To further optimize the performance we need larger samples sizes than in the current study. Also, we would need to include patients without a rheumatic condition and having patients filling out the questionnaire by their own. An additional way of optimizing the sensitivity is to link the usage of the DDSS tool to genetic and immunological blood testing for specific biomarkers as currently under development in our rheumatology units.
Two recently started studies, a prospective multicenter study and a population-wide study, will further help to ameliorate Rheumatic? performance.
Comparison with Prior Work
In 1991, Moens et al. concluded that rheumatology is a suitable domain for computer-assisted diagnosis(11). Despite the elapsed time, such systems are still not part of standard rheumatology care. Alder et al. concluded in a review in 2014 that the validation process of rheumatology DDSS was in general underappreciated and none of the systems seemed to have succeeded in daily practice(12).

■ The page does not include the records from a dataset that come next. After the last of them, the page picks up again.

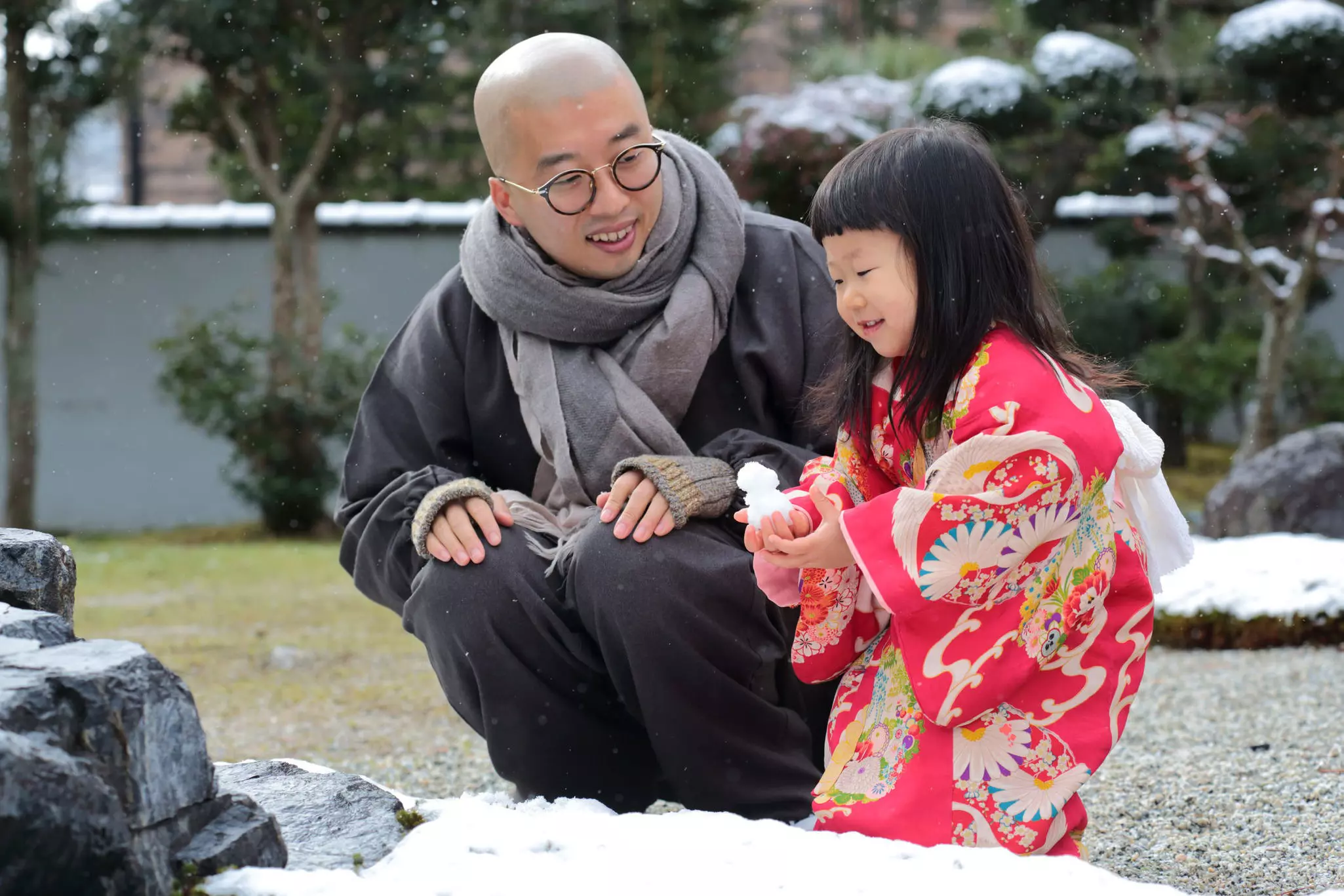 Father and his two-year-old daughter wearing kimonos and playing with snow at a garden in Kyoto.
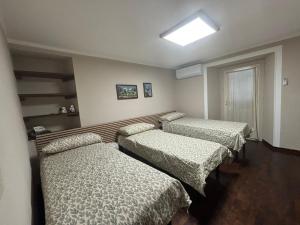 a room with three beds and a skylight at Casa Di Orfea in Perosa Argentina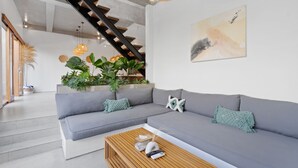 Uma sala de estar moderna com um sofá seccional cinza, uma mesa de centro de madeira e uma escada com luminária de fibra.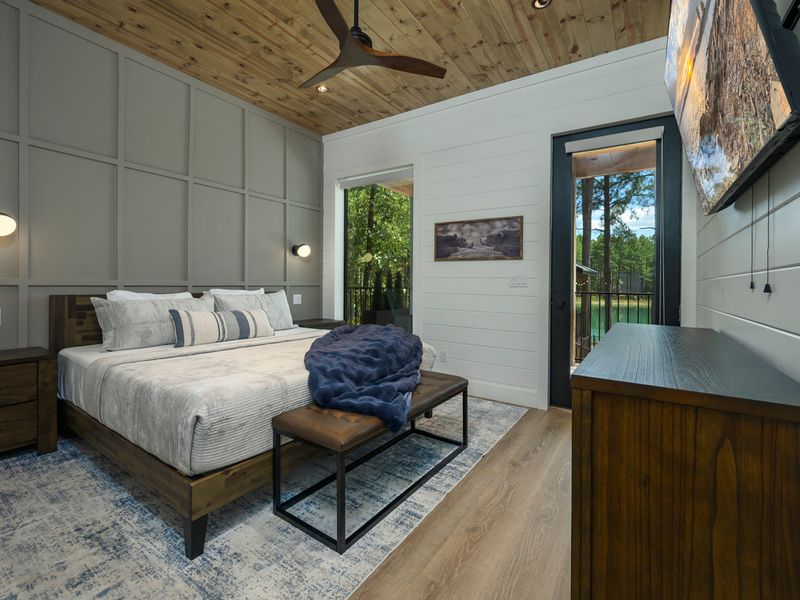 Wake up surrounded by natural light and peaceful woodland views in this beautifully appointed bedroom, featuring a comfortable king bed, warm wood accents, and a private door leading to the deck.

You&rsquo;re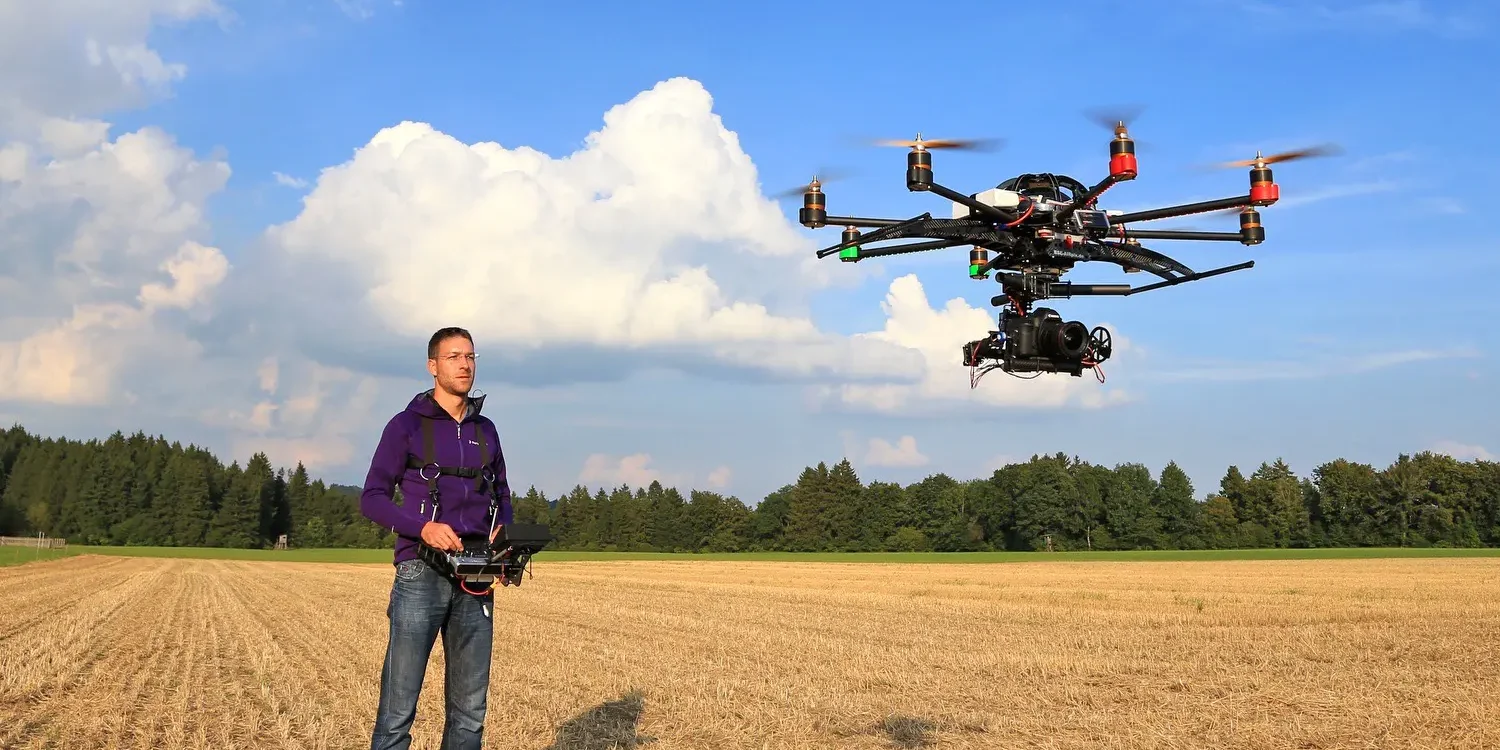 Männliche Person mit Fernsteuerung neben fliegender Kameradrohne (Oktokopter) und einer Canon 5D DSLR Kamera im Gimbal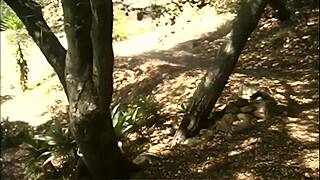 Let's try outdoor lesbian sex with strapon and fingering between trees in fishnets.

Patients and rheumatologists, however, still seem to believe in the positive potential impact of a patient facing Digital Diagnostic Decision Support Systems. A recent study showed that 80% of physicians agreed that an app that could diagnose symptoms of rheumatic diseases in patients will be helpful(22). Furthermore, in a recent survey study 50% of RMD patients stated that they would be interested in using an app for symptom decision support(1).
An RMD DDSS, based on a fuzzy cognitive map technique showed a diagnostic accuracy of 87% in a validation study with 15 vignette cases(22). In a prospective pilot study, 34 patients completed an NHS and WebMD symptom checker. Only 4 out of 21 patients with immune-mediated arthritis were given a first diagnosis of rheumatoid arthritis or psoriatic arthritis(23). People suspecting axial spondyloarthritis (axial SpA), using an online-self-referral were diagnosed in 19.4% with axial SpA(24). This proportion being significantly higher than the assumed 5% prevalence of axial SpA in patients with chronic back pain(25).
Besides patient facing DDSS / symptom checkers, DDSS also represent a great tool for physicians to improve their diagnostic skills. DDSS might be especially attractive for young physicians, due to their limited work experience. McCrea et al showed that using a decision tree lead to an improved accuracy in medical students diagnosing 10 rheumatology cases (81% compared to 68%). Furthermore, using physician based DDSS could accelerate rare disease diagnosis(26, 27).
Current research suggests that the diagnostic accuracy of DDSS are user dependent(28). The effectiveness of DDSS could also depend on the patient’s eHealth literacy, which seems to be limited in RMD patients(1).
A major strength of our study lies in its multicenter approach and large validation sample size compared to previous studies(22, 23). The risk-adverse retrospective validation scenario was deliberately chosen. The majority of currently available symptom checkers seem to skip this validation process, providing little scientific evidence. The DDSS that were evaluated often use patient-vignettes instead of true data (15,27,29). We believe that focusing on improving an international overarching DDSS could boost quality standards in rheumatology by increasing transparency, objectivity and decreasing redundant single-center efforts(13).